15a - Acresce que o aqui recorrente, na conferência de interessados, incorreu em erro sobre o objecto do negócio (o prédio supra identificado), previsto no art° 251°, CC e anulável nos termos do art°247°, CC.
16a - Com efeito, só por desconhecimento de que estava pendente um processo de execução, no qual fora já requerida - em 29/03/2005 - a penhora do imóvel em causa, para garantia de uma dívida de 70.042,93€ (mais do que o valor do prédio), é que licitou o mesmo por 50.000€.
17a - É facto notório que qualquer declaratário, no caso a recorrida, não devesse ignorar a essencialidade , para o aqui recorrente, do elemento sobre que recaiu o erro.
18a - Como assim, ex vi art° 247°, CC, sempre a licitação em causa seria anulável (não é exigível nem o conhecimento ou sequer a recognoscibilidade deste por parte do declaratário - Prof. Antunes Varela, C. Civ. Anot., Voll, 4a Ed., pg.233).
19a - Uma vez decretada a anulação da licitação do imóvel, deve ser ordenada a restituição ao ora recorrente, por força do disposto no art°289°,l1., CC, das tornas que pagou aos restantes interessados, respectivamente, à recorrida, Maria ...........,_€27.731,12 e ao interessado SIDÓNIO, €11.134,44 (este, no decorrer do processo, já reembolsou o A.).
20a - Deve ainda correspondentemente proceder-se á emenda da partilha, uma vez que se mostram preenchidos os requisitos consignados no art°1386°/1. CPC erro de facto na descrição ou qualificação dos bens ou qualquer outro erro susceptível de viciar a vontade das partes, que possibilita a emenda da partilha "ainda depois de passar em julgado a sentença".
21a- Flui do supra exposto que a aliás douta sentença recorrida violou o disposto nos art°s1371°/1, 908°, CPC; e 251°, 247° e 289°, CC, pelo que se impõe a sua revogação.

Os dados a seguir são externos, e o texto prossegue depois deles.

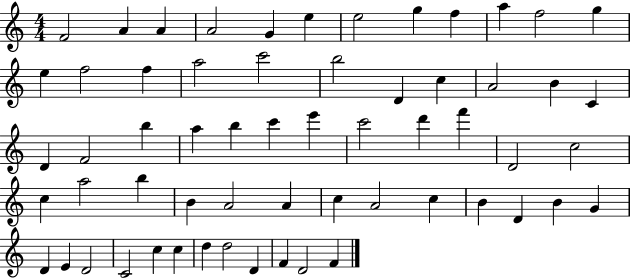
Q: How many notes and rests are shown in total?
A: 60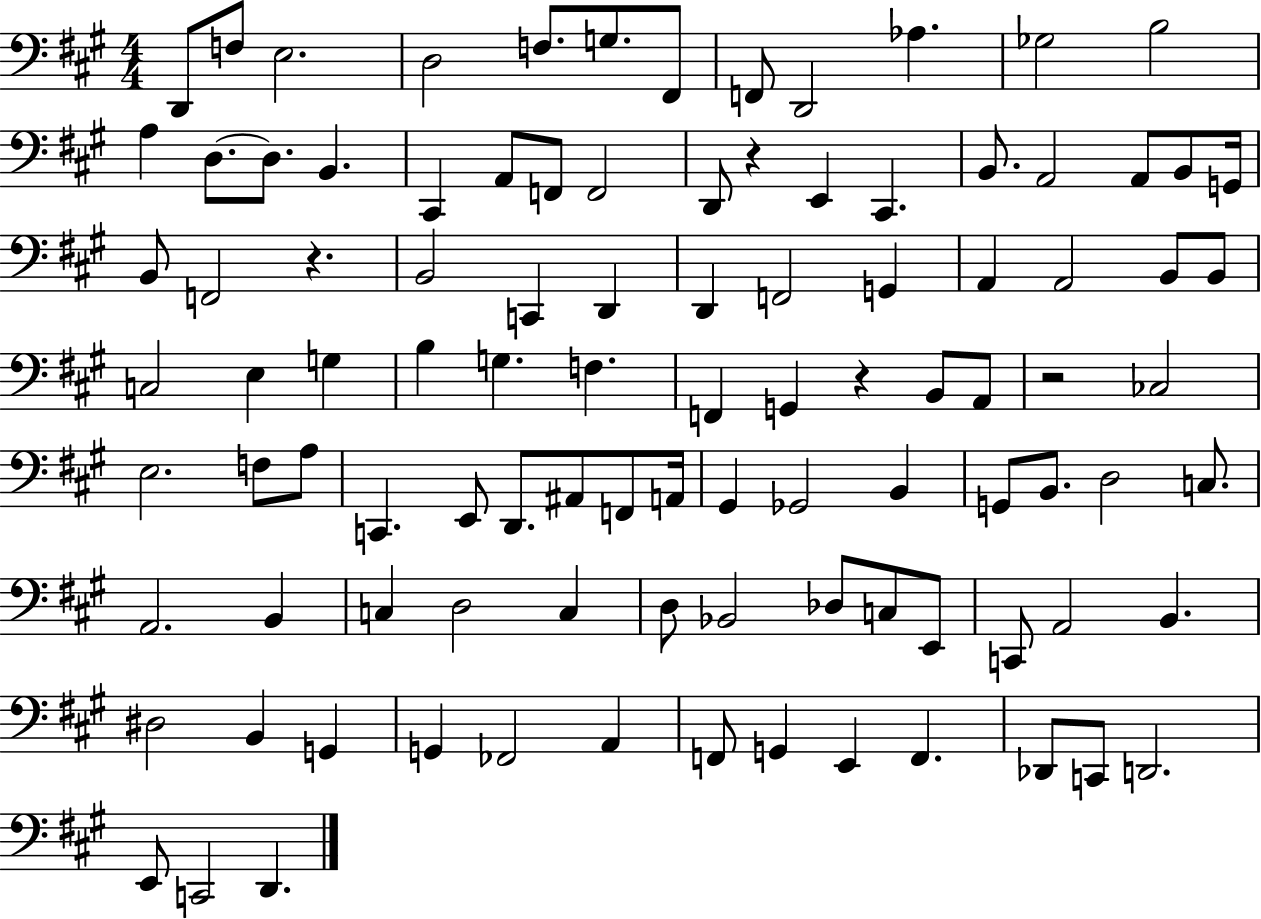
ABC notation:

X:1
T:Untitled
M:4/4
L:1/4
K:A
D,,/2 F,/2 E,2 D,2 F,/2 G,/2 ^F,,/2 F,,/2 D,,2 _A, _G,2 B,2 A, D,/2 D,/2 B,, ^C,, A,,/2 F,,/2 F,,2 D,,/2 z E,, ^C,, B,,/2 A,,2 A,,/2 B,,/2 G,,/4 B,,/2 F,,2 z B,,2 C,, D,, D,, F,,2 G,, A,, A,,2 B,,/2 B,,/2 C,2 E, G, B, G, F, F,, G,, z B,,/2 A,,/2 z2 _C,2 E,2 F,/2 A,/2 C,, E,,/2 D,,/2 ^A,,/2 F,,/2 A,,/4 ^G,, _G,,2 B,, G,,/2 B,,/2 D,2 C,/2 A,,2 B,, C, D,2 C, D,/2 _B,,2 _D,/2 C,/2 E,,/2 C,,/2 A,,2 B,, ^D,2 B,, G,, G,, _F,,2 A,, F,,/2 G,, E,, F,, _D,,/2 C,,/2 D,,2 E,,/2 C,,2 D,,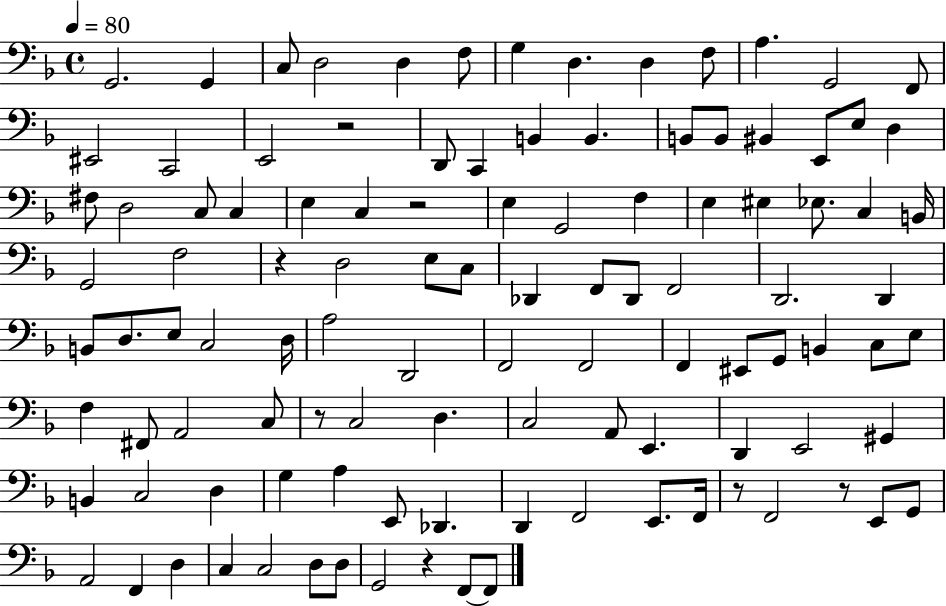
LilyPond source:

{
  \clef bass
  \time 4/4
  \defaultTimeSignature
  \key f \major
  \tempo 4 = 80
  g,2. g,4 | c8 d2 d4 f8 | g4 d4. d4 f8 | a4. g,2 f,8 | \break eis,2 c,2 | e,2 r2 | d,8 c,4 b,4 b,4. | b,8 b,8 bis,4 e,8 e8 d4 | \break fis8 d2 c8 c4 | e4 c4 r2 | e4 g,2 f4 | e4 eis4 ees8. c4 b,16 | \break g,2 f2 | r4 d2 e8 c8 | des,4 f,8 des,8 f,2 | d,2. d,4 | \break b,8 d8. e8 c2 d16 | a2 d,2 | f,2 f,2 | f,4 eis,8 g,8 b,4 c8 e8 | \break f4 fis,8 a,2 c8 | r8 c2 d4. | c2 a,8 e,4. | d,4 e,2 gis,4 | \break b,4 c2 d4 | g4 a4 e,8 des,4. | d,4 f,2 e,8. f,16 | r8 f,2 r8 e,8 g,8 | \break a,2 f,4 d4 | c4 c2 d8 d8 | g,2 r4 f,8~~ f,8 | \bar "|."
}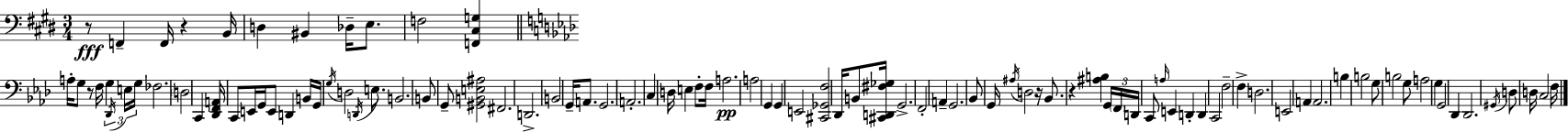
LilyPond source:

{
  \clef bass
  \numericTimeSignature
  \time 3/4
  \key e \major
  r8\fff f,4-- f,16 r4 b,16 | d4 bis,4 des16-- e8. | f2 <f, cis g>4 | \bar "||" \break \key aes \major a16-. g8 r8 f16 g4 \tuplet 3/2 { \acciaccatura { des,16 } e16 | g16 } fes2. | \parenthesize d2 c,4 | <des, f, a,>16 c,8 e,16 g,16 e,8 d,4 | \break b,16 g,16 \acciaccatura { g16 } d2 \acciaccatura { d,16 } | e8. b,2. | b,8 g,8-- <gis, b, e ais>2 | fis,2. | \break d,2.-> | b,2 g,16-- | a,8. g,2. | a,2.-. | \break c4 d16 e4 | f8-. f16 a2.\pp | a2 g,4 | g,4 e,2 | \break <cis, ges, f>2 des,16 | b,8 <cis, d, fis ges>16 g,2.-> | f,2-. a,4-- | g,2. | \break bes,8 g,16 \acciaccatura { ais16 } d2 | r16 bes,8. r4 <ais b>4 | \tuplet 3/2 { g,16 \parenthesize f,16 d,16 } c,8 \grace { a16 } e,4 | d,4-. d,4 c,2 | \break f2-- | f4-> d2. | e,2 | a,4 a,2. | \break b4 b2 | g8 b2 | g8 a2 | g4 g,2 | \break des,4 des,2. | \acciaccatura { gis,16 } d8 d16 c2 | f16 \bar "|."
}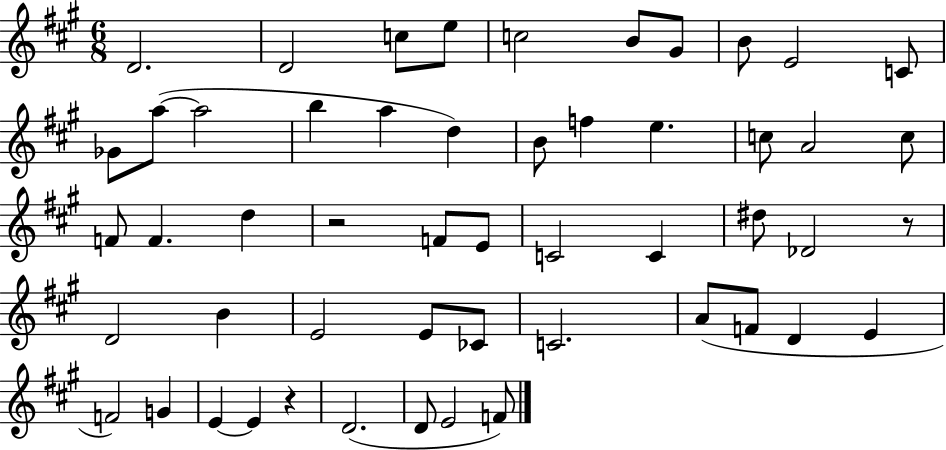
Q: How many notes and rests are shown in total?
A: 52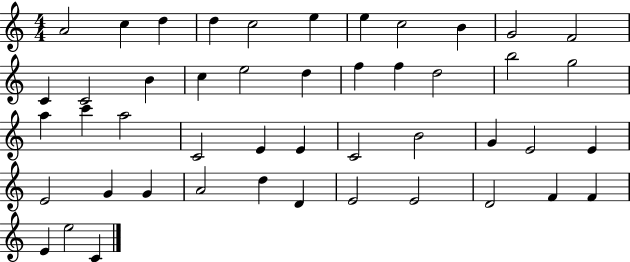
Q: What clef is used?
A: treble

Termos em que deve ser dado provimento à apelação, revogando-se a aliás douta sentença recorrida e, com a consequente anulação da licitação feita pelo A., na conferência de interessados, sobre o imóvel descrito sob a Verba n010; condenando-se ainda os 1°s RR a restituir ao A. a Quantia de €27.731,12, que dele receberam a título de tornas, acrescida de juros de mora à taxa legal desde a data da citação até efectivo reembolso; e ordenando-se finalmente que se proceda, em conformidade, à emenda da partilha».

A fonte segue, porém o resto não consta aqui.